Porque el Hijo del hombre ha venido a buscar 
y a salvar lo que estaba perdido"
(Lucas 19, 1-10)


Ayer lunes fue mi santo, San Alberto Magno, y el Señor llamó mi atención, como siempre a través de Su palabra, en el evangelio de Lucas, donde menciona a un ciego y a un tal Zaqueo. Ambos "quieren ver y no pueden"...curioso... habla de mí...de otro que también quiere ver y no puede, otro que está en búsqueda constante por (re)conocer a Dios pero que cae continuamente.

No hace mucho, yo estaba en una cuneta, alejado del camino, ciego, abatido y sin ilusión. Fue entonces cuando me dijeron en Jericó (=un retiro de Emaús) que Jesús venía de camino. Yo, le grité con insistencia: “¡Jesús, hijo de David, ten compasión de mí!”. Lo hice, casi por inercia, por mimetismo, por desesperación...por ver si se paraba, por ver que ocurría.

Jesús se paró y me preguntó: “¿Qué quieres que haga por ti?” (en realidad, me preguntó: "¿te he dicho alguna vez que te quiero?"). Yo le contesté: “Señor, que vea otra vez” (en realidad, le contesté: "sí, Señor, muchas veces, pero yo no te escuchaba"). Entonces Él me dijo: “Recobra la vista, tu fe te ha curado”. 

Como los dos de Emaús, yo estaba de vuelta de muchas cosas y cargaba con una pesada mochila de decepciones y proyectos frustrados… Yo estaba ciego porque sólo veía "mis cosas" y no lo verdaderamente importante.
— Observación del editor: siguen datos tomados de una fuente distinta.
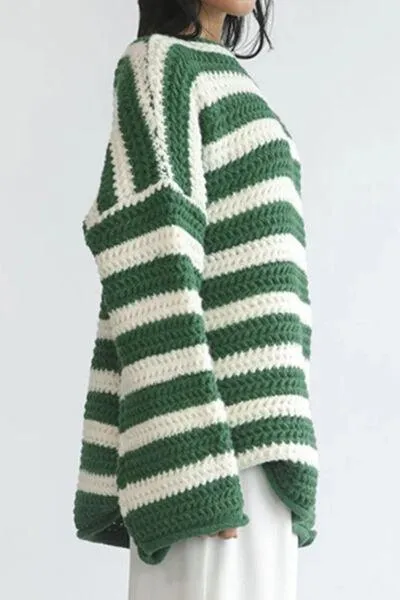 Cozy Era Striped Boat Neck Tunic Sweater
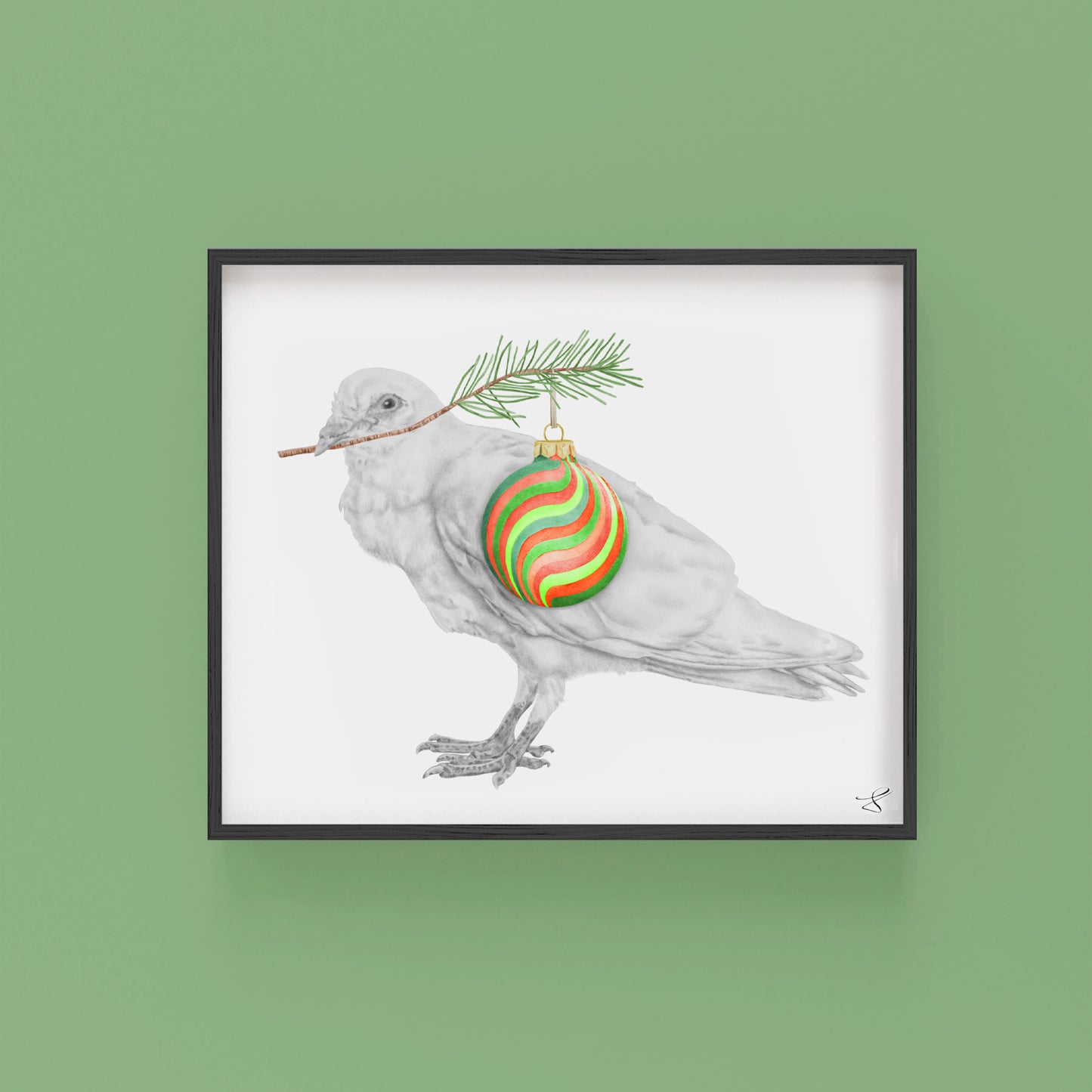 Hand-drawn pencil illustration of Edward (Teddy) Mhor Dove, Central & Gus 8x10 art print on 318gsm cotton paper in protective cello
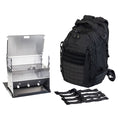 Freisteller FENNEK Grill und FENNEK Backpack One2explore, mit den dazugehörigen Kompressionsgurten.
Fue sólo cuando me puse junto al camino por donde Jesús pasaba, cuando fui capaz de reconocerle...y Él me hizo"ver". 

Dejé de ser un "ciego" y volví a ver, a ilusionarme, a comprometerme, a entregarme… El encuentro con el Resucitado me transformó. Descubrir a Jesús, reconocerle y confesarle, dejarme transformar y seguirle, no es ningún mérito mío, sino todo un milagro que sólo la fe consigue.

Eso fue ayer. Hoy Jesús, que no tira nunca la toalla por los pecadores, ya dentro de la ciudad de Jericó, en el tumulto del "día a día", al verme "subido" en una higuera (encaramado de nuevo en el orgullo y la soberbia), me derrite con esa mirada compasiva suya, capaz de enamorar y de convertir como nadie...y me llama "Zaqueo". 
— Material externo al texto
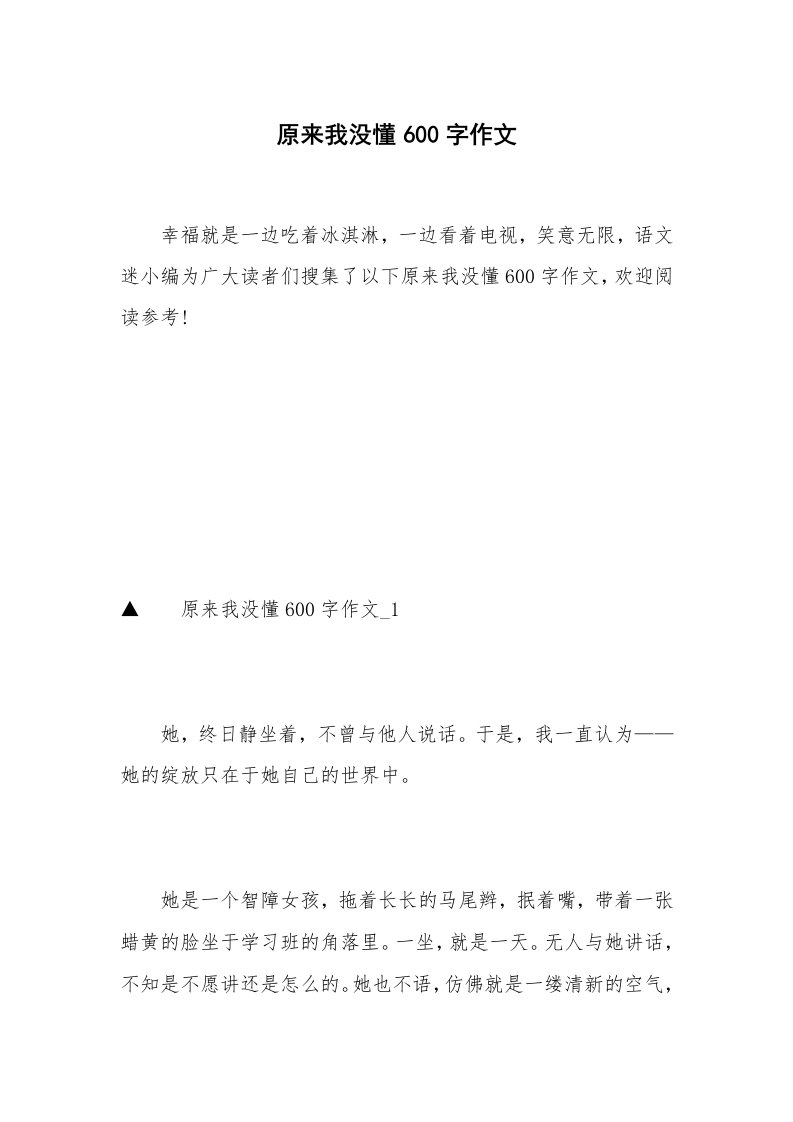 原来我没懂600字作文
Me mira y no me reprocha mi mal proceder ni mis caídas desde el momento que me hizo recobrar la vista. Tan sólo me dice que quiere venir a mi casa a comer, mientras algunos ya han comenzado a murmurar acerca de mi condición de pecador, de mal cristiano.

Como Zaqueo, dando un salto, reconozco mis faltas de caridad y de piedad, asumo todo aquello que he hecho mal y me comprometo a restituirlo. Cristo, defendiéndome de mis acusadores, les dice: "He venido a buscar y a salvar a los que estaban perdidos"... Nuestro Señor es...Único.
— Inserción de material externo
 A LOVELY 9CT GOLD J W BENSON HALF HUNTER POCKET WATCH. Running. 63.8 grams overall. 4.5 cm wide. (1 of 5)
Sin embargo, yo, ¡qué facilidad tengo para volver a mi ceguera y obrar mal, para servirme de los demás, para vivir a su costa en lugar de vivir a su favor! ¡Qué prontitud tengo para criticar y para descartar a aquellos que no actúan conforme a mis criterios! ¡Qué incapacidad para entender por qué actúan así, para compadecerme de sus heridas y para evitar brindarles mi ayuda y mi apoyo!

¡Cuánto me cuesta comprender que Dios me quiere tal como soy, con mis virtudes y mis defectos, que perdona todas mi ofensas!... ¿cómo puedo yo criticar o descartar al diferente? ¿cómo puedo yo no perdonar a quien me ofende? ¿cómo puedo negarme a asumir que el amor de Dios es, como la lluvia o el nuevo día, para todos, buenos y malos?

Al (re)conocer a Jesús, mis ojos se abren de nuevo y veo. Él me da ejemplo para que yo sea también motivo de conversión, para que me esfuerce en mirar a otros con la compasión con la que Él nos mira, para esforzarme en salir a buscar a quienes están perdidos o necesitan mi ayuda...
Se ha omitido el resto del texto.